Entre 2016 et 2019 :
- Les particules fines (PM2,5) représentent environ 12,9 milliards d’euros par an en coûts liés aux maladies
- le dioxyde d’azote (NO2) environ 3,8 milliards d’euros par an
Mais ces montants augmentent fortement si l’on intègre la mortalité :
- 130 milliards d’euros par an pour les PM2,5
- 23 milliards d’euros par an pour le NO2
Dans un scénario sans pollution liée aux activités humaines, les gains associés aux décès prématurés évités atteindraient plusieurs dizaines de milliards d’euros.
Ces chiffres illustrent l’ampleur du coût réel de la pollution, bien au-delà des dépenses de santé visibles.
Une économie directement affectée à court terme
L’étude de la Direction générale du Trésor met aussi en évidence des effets immédiats sur l’activité économique.
Trois mécanismes principaux sont identifiés :
- L’absentéisme (maladie, absences scolaires)
- La baisse de productivité des travailleurs présents
- La diminution de la consommation
Une hausse de 10 % de l’exposition aux PM2,5 entraîne ainsi une baisse d’environ 0,4 % du chiffre d’affaires des entreprises dans les deux mois suivants, sans rattrapage ultérieur.
Fait notable : ce n’est pas l’absentéisme qui explique l’essentiel des pertes, mais plutôt une baisse des capacités cognitives et de la productivité, ainsi que des changements de comportement des consommateurs.

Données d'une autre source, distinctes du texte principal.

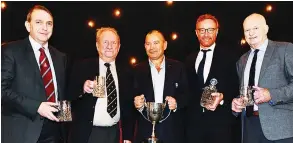  ??  ?? Honoured: Des Seabrook, far right, collects his award during the Rugby Union Writers’ annual dinner along with, from left, Chris Myers, Bryan James, Eddie Jones and Ben Ryan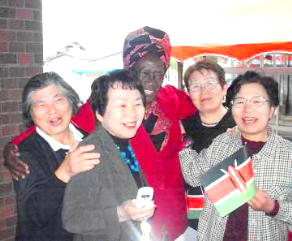 Miriam Were with Fukushima grandmothers, like herself, who she requested to meet on the visit to Noguchi’s birthplace in Fukushima. They came to meet the bullet train on arrival.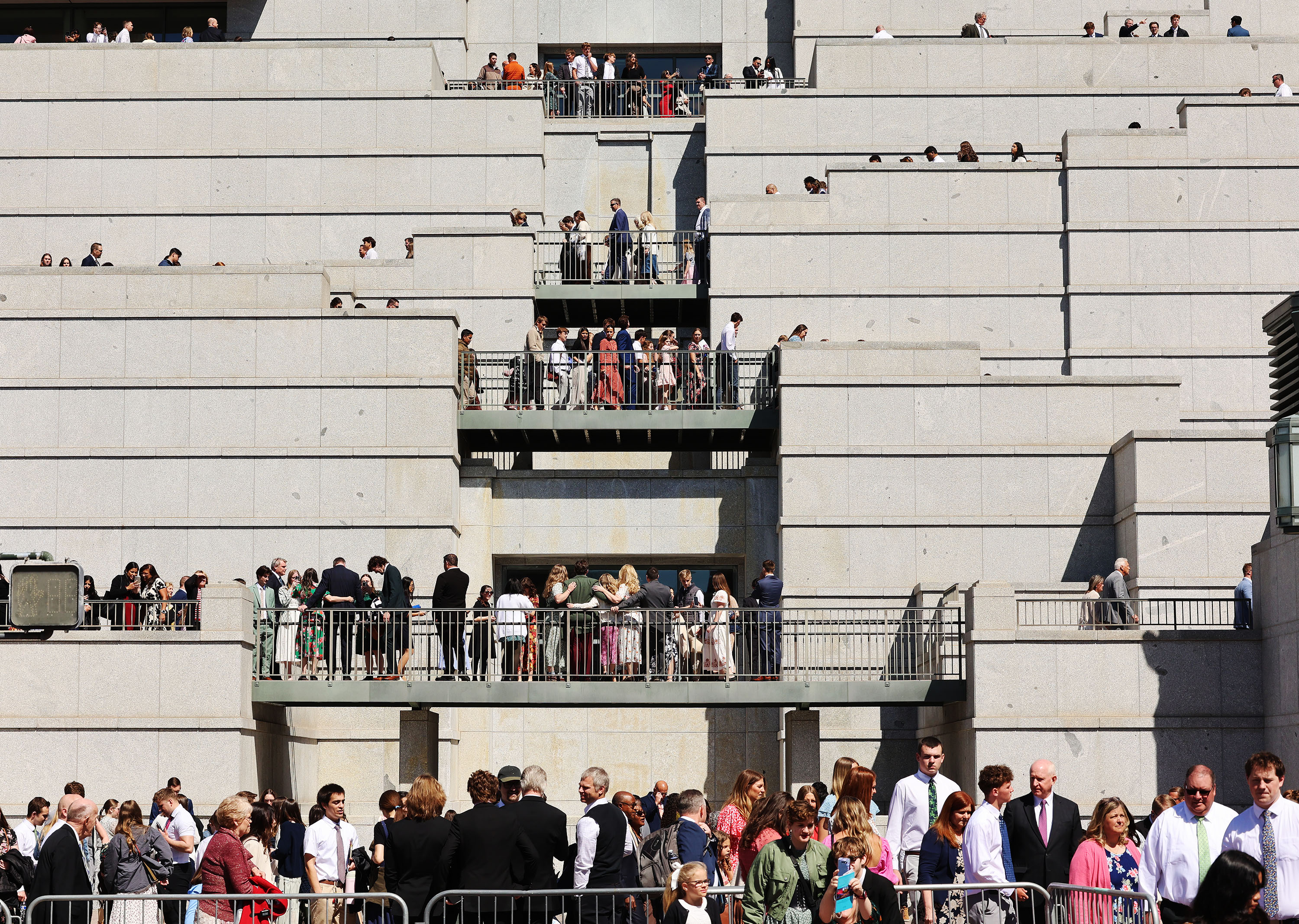 Man arrested after police say he stripped naked in front of general conference crowd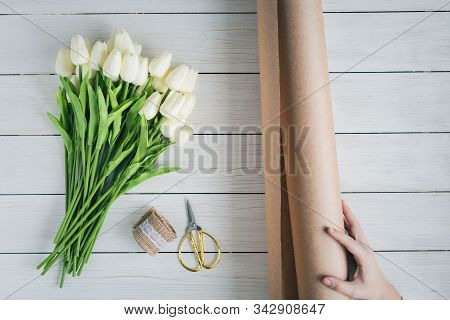 Woman Florist Wrapping Beautiful Bouquet Of White Tulips In Pack Craft Paper On The Wooden Table. Fl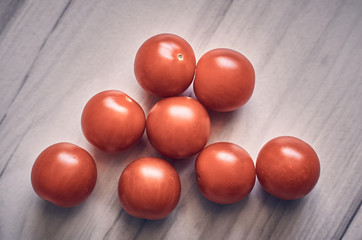 Small cherry tomatoes on a light wooden background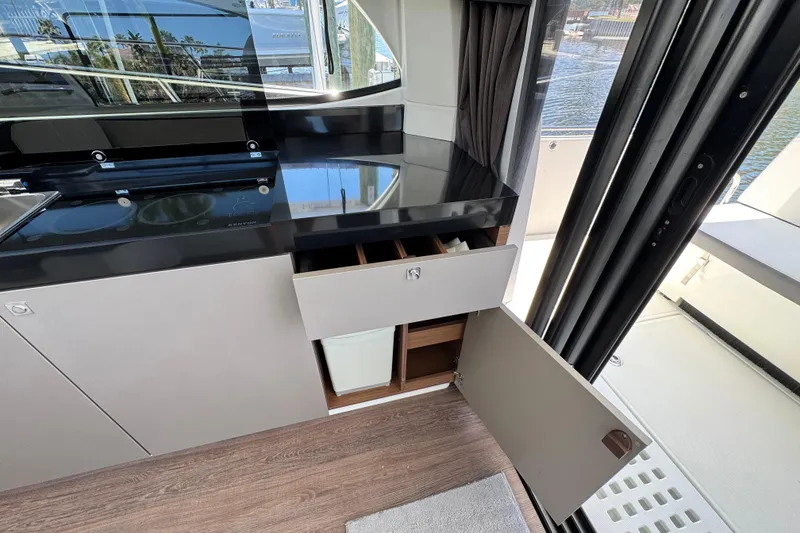 Slide: The Image of Modern kitchen area on a 2021 Beneteau Antares 11 yacht with open cabinets. - 22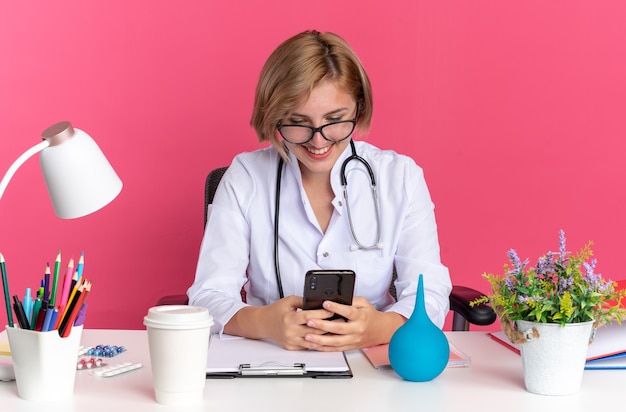 Free Photo smiling young female doctor wearing medical robe with stethoscope and glasses sits at desk with medical tools holding and looking at phone isolated on pink background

À l’inverse, améliorer la qualité de l’air aurait des effets positifs majeurs. Une réduction de 25 % de l’exposition aux particules fines pourrait générer environ 7 milliards d’euros de PIB supplémentaires chaque année en France.
Des effets durables sur l’éducation et l’innovation
Au-delà du court terme, la pollution affecte aussi le capital humain, avec des conséquences durables :
- Baisse des performances scolaires en cas de forte pollution
- Effets négatifs sur le développement cognitif des enfants exposés précocement
- Impact sur les trajectoires éducatives
Par exemple, une exposition accrue le jour d’un examen peut faire baisser les résultats, tandis qu’une amélioration de la qualité de l’air pendant la grossesse augmente les chances d’accès à l’enseignement supérieur.
L’étude souligne également un effet sur l’innovation : une hausse de la pollution est associée à une baisse du nombre de brevets déposés, ce qui peut freiner la croissance à long terme.